Well, it’s been over three weeks since I left Oxford for isolation in Stow and it doesn’t seem that long. Of course I vaguely miss visits to the city’s many pubs and their wide selection of real ales, I miss the music and the intellectual stimulus of lectures and so on and on, but I’ve been busy and spirits are high. I did have one bad night when I feared that the breweries might have to close because of the lock down. But next morning when out running I paused to talk to an old man (my age possibly) who seemed quite desperate for a chat. He told me that he had done all he could to the garden and that his daughters kept him supplied with the essentials.

“What about booze?” I asked semi-jokingly, but actually a question that was at the top of my mind.

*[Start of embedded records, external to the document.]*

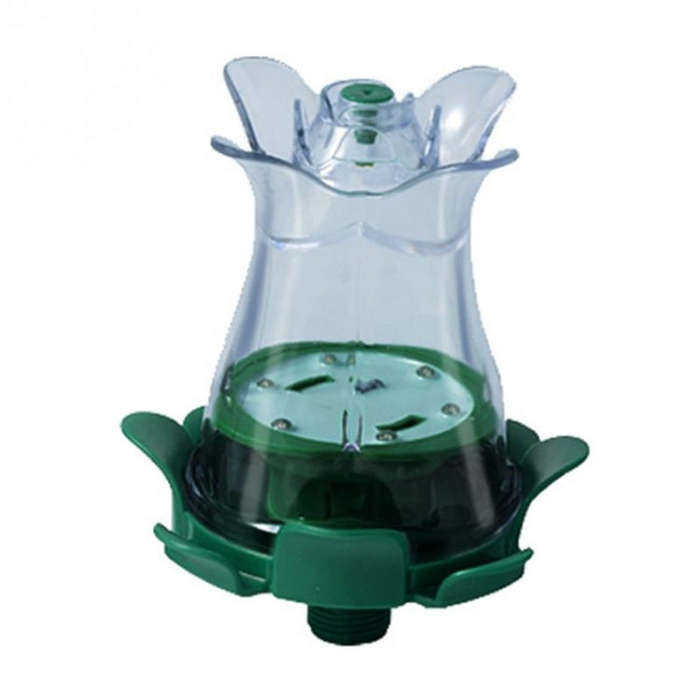 LED Luminous Lawn Sprinkler Automatic Water Sprinkler Garden Outdoor Irrigation Nozzle for Courty...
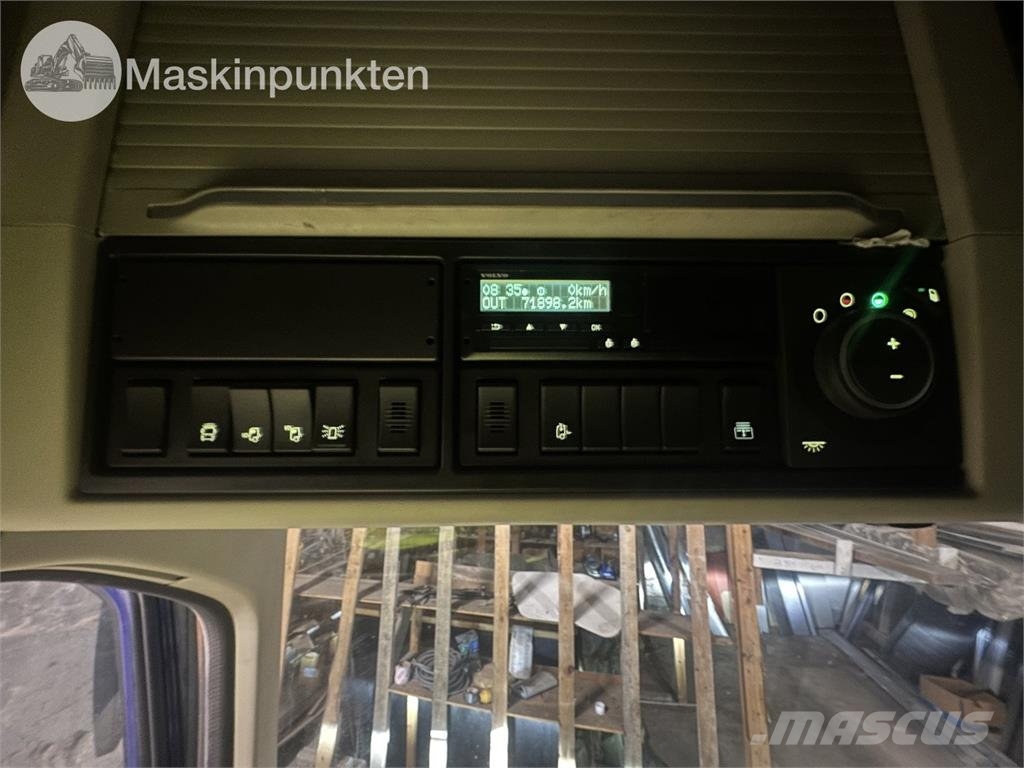 Volvo FM 84 TR Betonikuorma-autot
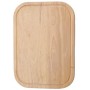 Dawn CB120 Solid Redwood Cutting Board 18x14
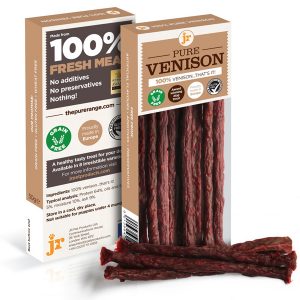JR Pure sticks. Venison 50g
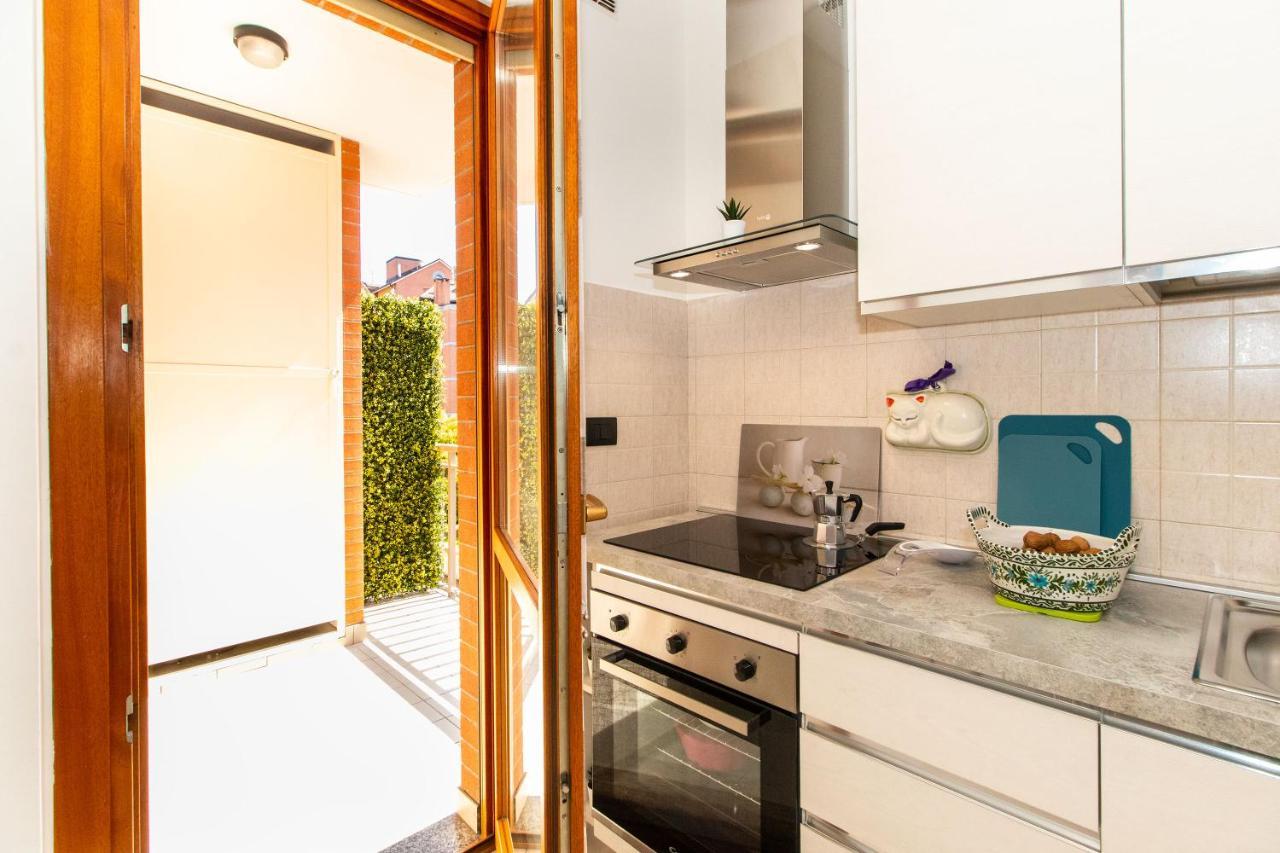 Come Casa Like Home Apartment With Parking Turín Exterior foto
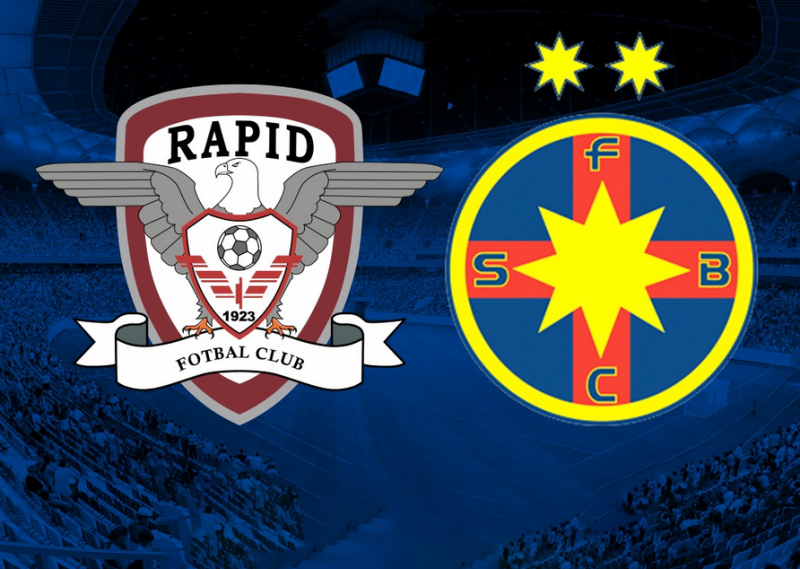 Rapid – FCSB: Jandarmeria a aplicat multiple sancţiuni contravenţionale. Amendă și avertisment pentru organizatorul jocului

He told me that he was a Mason and could get all he needed from the Lodge in Stow, so I asked him if I could sign up. Not really, I’m sure I would be black balled. But he did tell me of a brewery which provided home deliveries in these strange times. I contacted it, but Stow was too far away - so convenient for Cheltenham, Oxford, Cirencester and so on, the town is in fact distant from them all. But then I remembered Purity, one of my favourite beers. I contacted the brewery and they did deliver beer and it was free (the delivery not the beer) provided you ordered enough, I did, and now have it, so that’s something else I need not worry about.

Meanwhile I have been rejected. I volunteered to help the NHS as a home based support caller and was accepted subject to my identity being confirmed. It wasn’t. No idea why, apparently they (RVS) cannot tell you that but provide a long list of possibilities. So I tried again, but no good. They are no longer accepting volunteers. Such a pity. All my Samaritan training going to waste – and I so wanted to do my bit. I feel a little guilty pottering around my little bit of the Cotswolds when others are doing so much to help.

But I’m busy. I’ve knocked a few things off the to-do list and I finally managed to find someone on the web who could supply hedging. I immediately ordered a bargain bundle of 100 hedge plants of unknown variety for the northern perimeter of our field and ten more specialised shrubs to grow next to the field pond, hopefully the latter will attract birds other than the regular pigeons and crows. The order came much more rapidly than I expected: a huge bundle that I left untouched for the requisite few hours and then set to work, hard work. For each tree I dig a hole in the field (which is not easy because I usually hit stones quite quickly) then I set up a support stick, after which I put a little root growing magic stuff in the hole and then the hedging plant itself. I backfill, water, then replace the turf – upside down. Each planting takes about ¼ of an hour and I have well in excess of 150 to establish – you can do the arithmetic. It’s a big job and a hot one, but the weather is so good that I can mostly work with my shirt off (no photos). And it’s nice to be planting more greenery.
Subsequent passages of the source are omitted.